### Exercise instructions:
Using the entries below, copy exactly each line from the line with "Mauspad (1600x800x3mm) Gaming" up to and including the line with "Electrical Wire Threader", with every picture left out.

### Data for review:
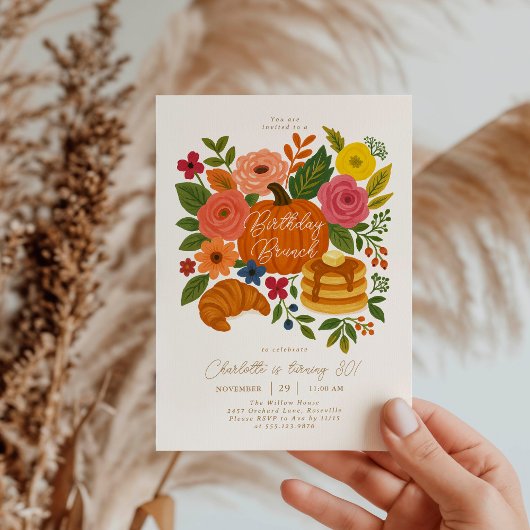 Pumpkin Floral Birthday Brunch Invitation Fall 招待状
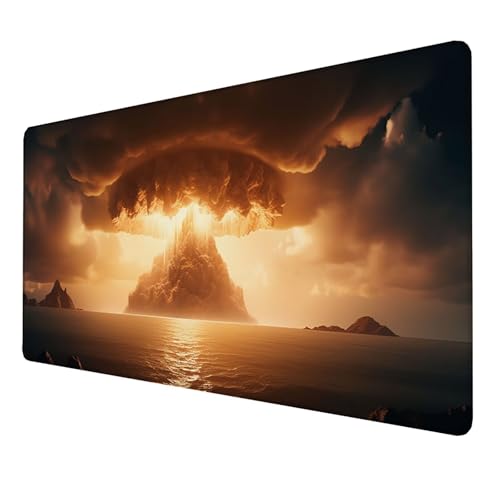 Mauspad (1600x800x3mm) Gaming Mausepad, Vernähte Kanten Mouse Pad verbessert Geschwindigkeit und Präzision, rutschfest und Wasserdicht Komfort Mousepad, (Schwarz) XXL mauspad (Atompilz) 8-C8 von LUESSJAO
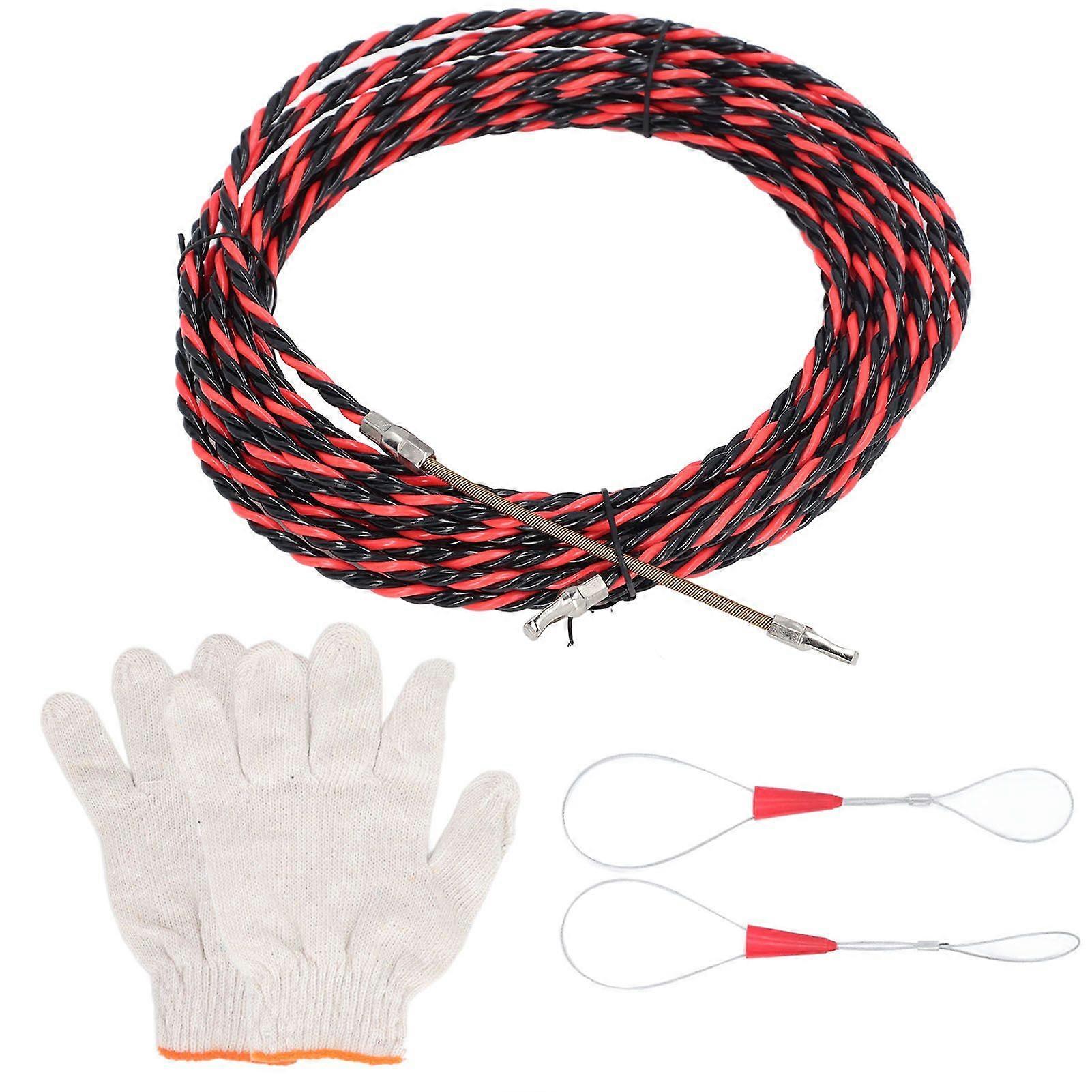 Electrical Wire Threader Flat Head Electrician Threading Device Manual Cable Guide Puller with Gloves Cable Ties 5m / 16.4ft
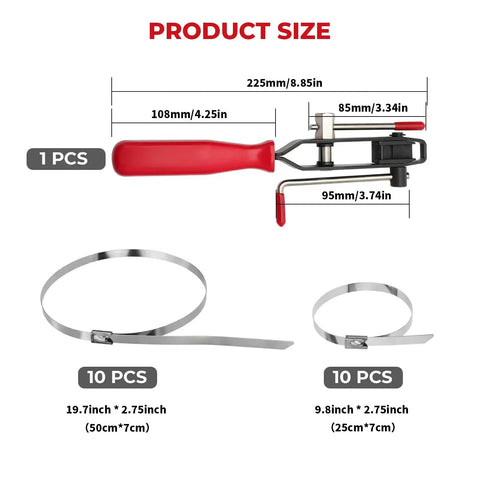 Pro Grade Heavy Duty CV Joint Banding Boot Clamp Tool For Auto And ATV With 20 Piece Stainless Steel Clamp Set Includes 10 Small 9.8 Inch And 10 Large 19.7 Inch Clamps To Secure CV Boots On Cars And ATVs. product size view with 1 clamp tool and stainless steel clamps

==

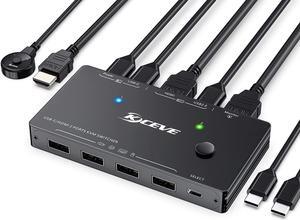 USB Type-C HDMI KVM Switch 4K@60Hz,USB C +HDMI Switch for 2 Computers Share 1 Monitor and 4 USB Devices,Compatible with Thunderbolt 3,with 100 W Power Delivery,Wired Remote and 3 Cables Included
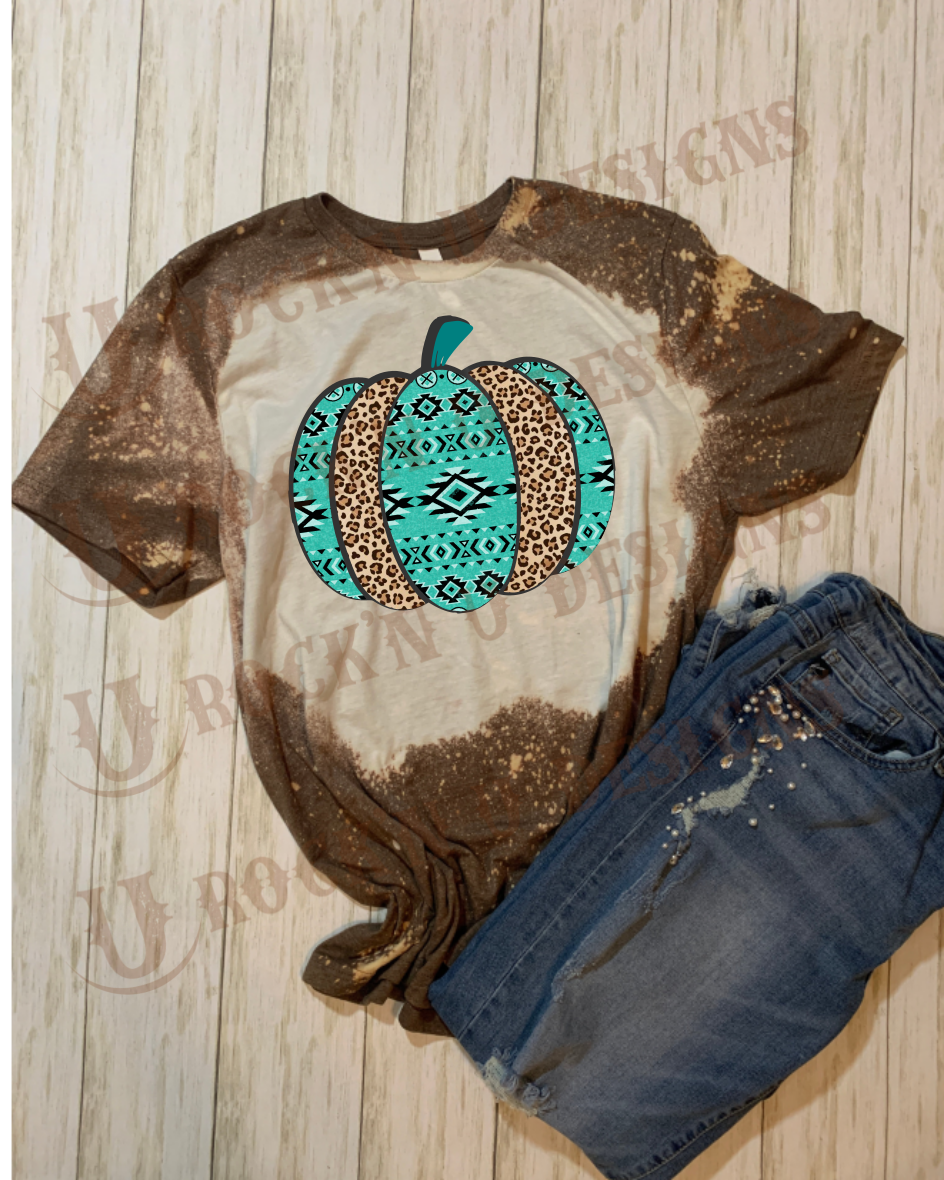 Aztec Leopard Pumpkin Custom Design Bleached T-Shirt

### Answer for this exercise:
 Mauspad (1600x800x3mm) Gaming Mausepad, Vernähte Kanten Mouse Pad verbessert Geschwindigkeit und Präzision, rutschfest und Wasserdicht Komfort Mousepad, (Schwarz) XXL mauspad (Atompilz) 8-C8 von LUESSJAO
 Electrical Wire Threader Flat Head Electrician Threading Device Manual Cable Guide Puller with Gloves Cable Ties 5m / 16.4ft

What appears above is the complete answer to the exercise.